The homes were built in Spanish style and come in six or seven color schemes to give it a small Spanish-Mexican village feel. He named Calle Vista de Colores, or View of Colors Street, because when you look down the street you see all the different colors of the houses. He named Chitalpa Avenue for the chitalpa tree.

That same year he developed River Park, whose name later changed to River Wood, near the Rillito River. Star Park Drive/Place derive their names from Doucette’s love of the simple and practical word “star,” which he used on many street names. Racquet Court is named for the nearby Tucson Racquet and Fitness Club.

Around 2001, Doucette bought a small piece of land and built a subdivision he called Mission Arbor, a name derived from nearby Mission Road and a reference to trees in the area. Due to a misunderstanding with the engineers, it was recorded incorrectly as Mission Harbor, along with Mission Harbor Lane.
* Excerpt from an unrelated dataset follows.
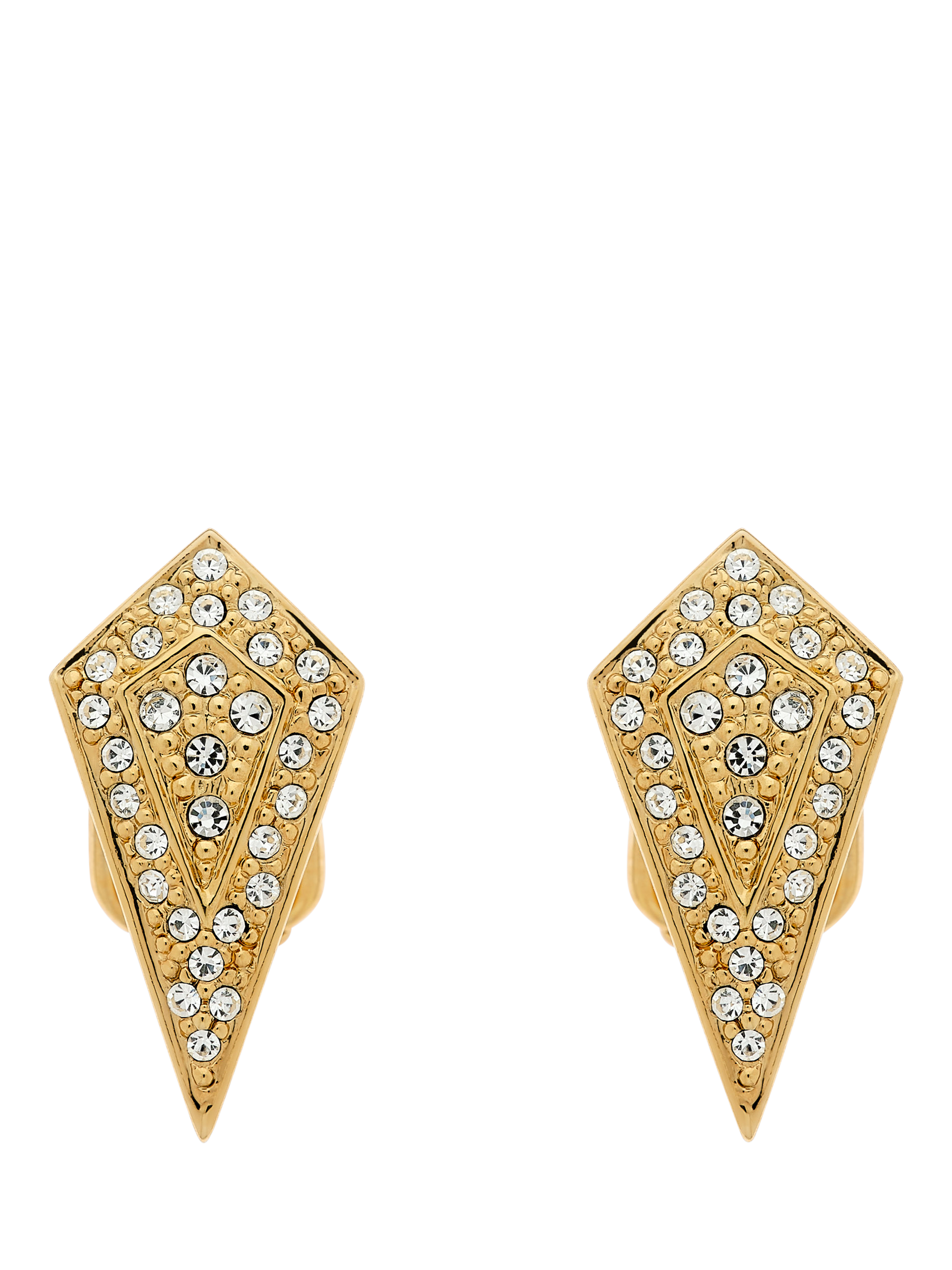 Emma Holland Pave Crystal Art Deco Clip-On Earrings, Gold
Doucette Lane is named for him.

Donny Brook Road, as Doucette put it, “was more of a reference to the street-naming process, a real ‘donnybrook,’ a scene of uproar and disorder, a heated argument.”
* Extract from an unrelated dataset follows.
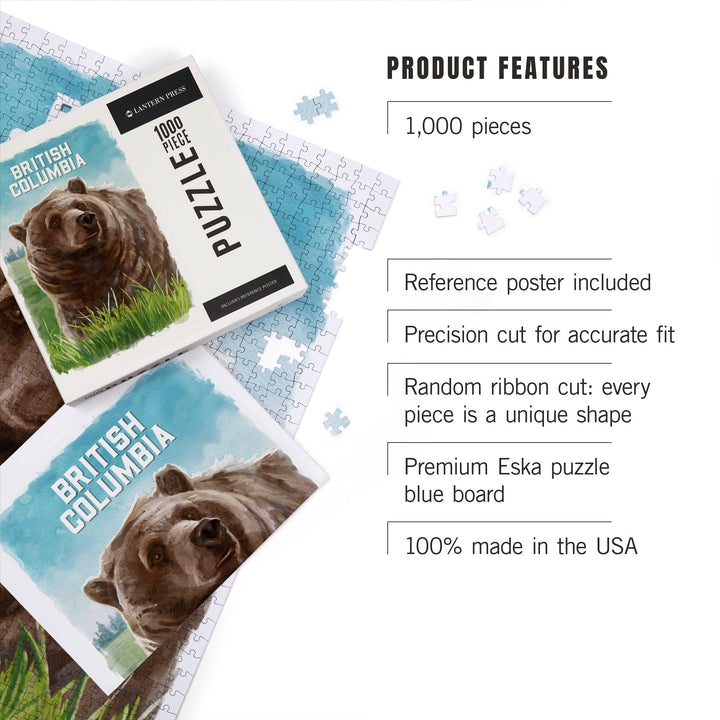 British Columbia, Watercolor Study, Grizzly Bear, Jigsaw Puzzle Puzzle Lantern Press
His next housing project, The Woods, and the street Woods Place, both located on Tanque Verde Road, derive their name from the adjacent natural mesquite woodlands that grow on the Agua Caliente Wash.

In 2005, he began a project along Starr Pass Boulevard, calling it Paseo Estrella, or Star Pass. His staff came up with Via Estrella Blanca (White Star Way), Calle Estrella De Noche (Star of the Night Street) Paseo Luna Blanca (White Moon Pass) and Via Estrella Roja (Red Star Way) and Calle Carasol (unknown origin).

A few years later, he purchased land near Ironwood Hill Drive and Silverbell Road and built the Desert Mosaic subdivision. Doucette and his partners imagined the layout of the homes looked like a mosaic, likely inspired subconsciously by the nearby Teresa’s Mosaic Cafe. The single street in the housing project is called Silver Mosaic Drive.

At present, Doucette is building homes for the Southern Arizona Land Trust, a local nonprofit housing organization.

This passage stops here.